Problem to solve -
Without reproducing any picture, copy the records word for word.

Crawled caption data
##########

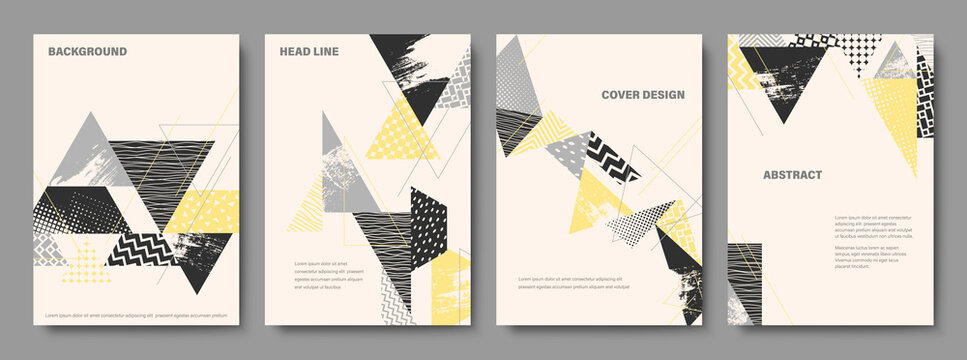 Set Of Geometric Backgrounds. Collage Style Cover Design Templates. Vector Illustration.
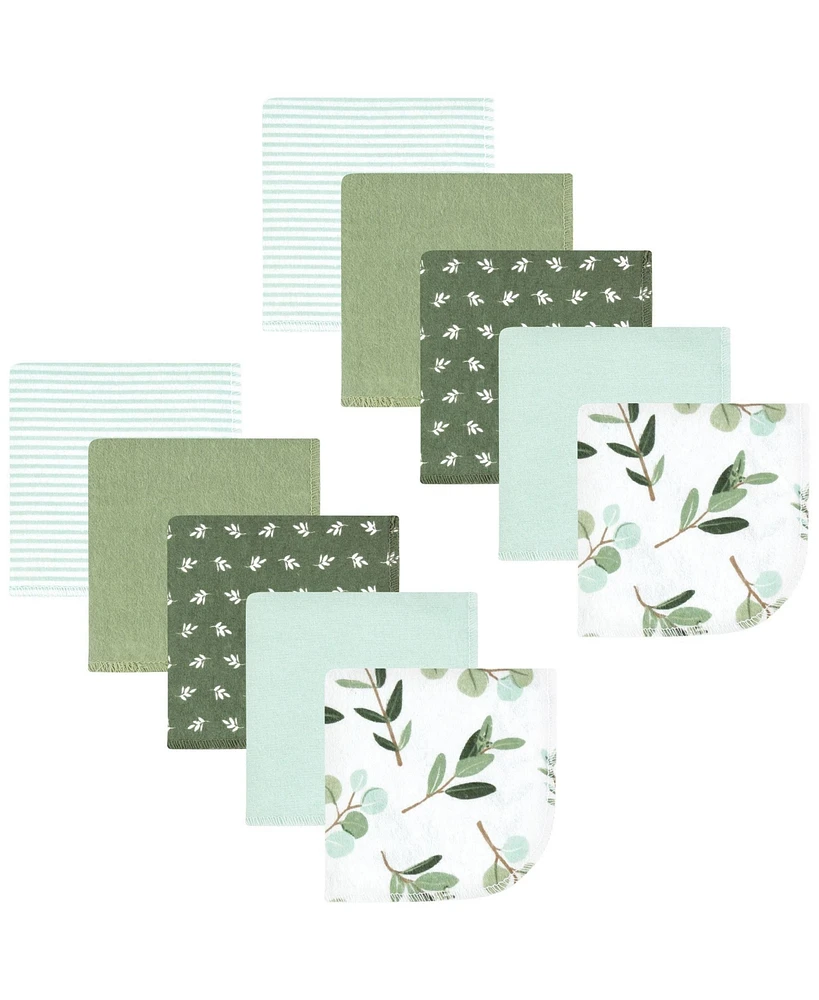 Hudson Baby Infant Girl Flannel Washcloths, Eucalyptus 10Pk, One Size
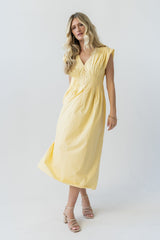 Barb Pleated Midi Dress in Yellow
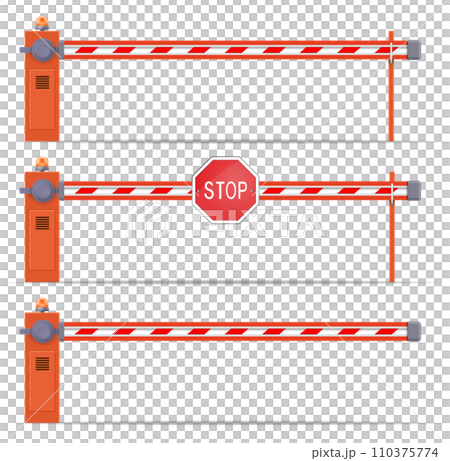 parking car barrier gate set with stop sign isolated on transparent background. Art design street road stop border. Abstract concept graphic element parking car barrier gate set with stop sign isolated on transparent background. Art design street road stop border. Abstract concept graphic element 110375774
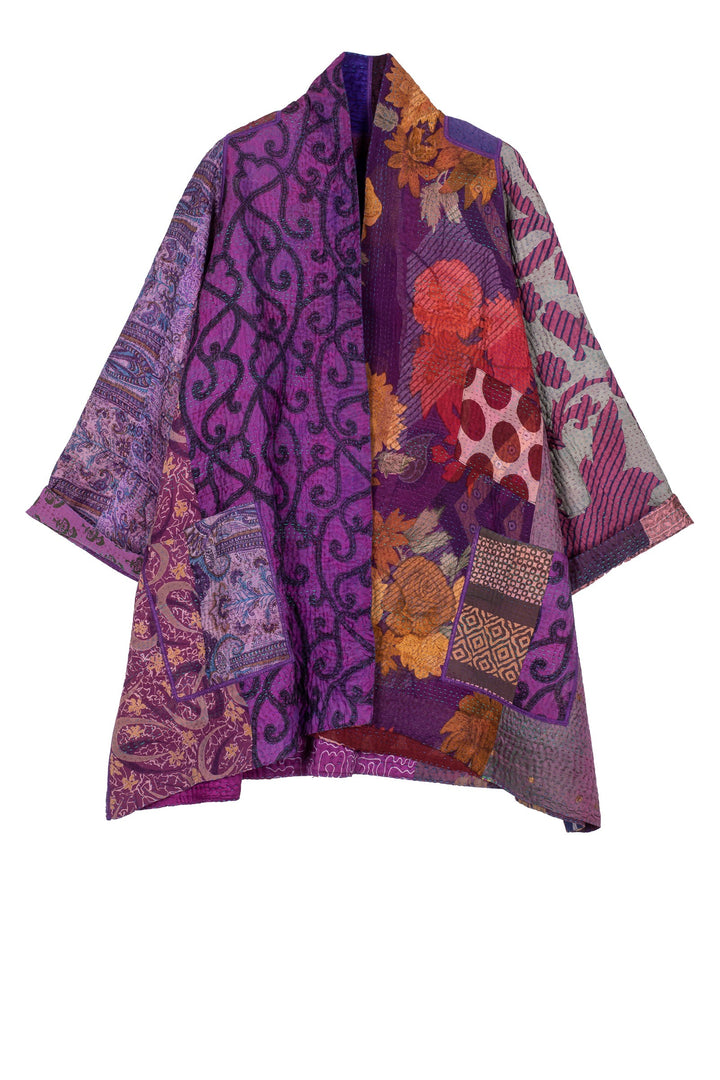 JACQUARD SILK KANTHA A-LINE JKT - js4003-prp -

##########

Result of this task -
 Set Of Geometric Backgrounds. Collage Style Cover Design Templates. Vector Illustration.
 Hudson Baby Infant Girl Flannel Washcloths, Eucalyptus 10Pk, One Size
 Barb Pleated Midi Dress in Yellow
 parking car barrier gate set with stop sign isolated on transparent background. Art design street road stop border. Abstract concept graphic element parking car barrier gate set with stop sign isolated on transparent background. Art design street road stop border. Abstract concept graphic element 110375774
 JACQUARD SILK KANTHA A-LINE JKT - js4003-prp -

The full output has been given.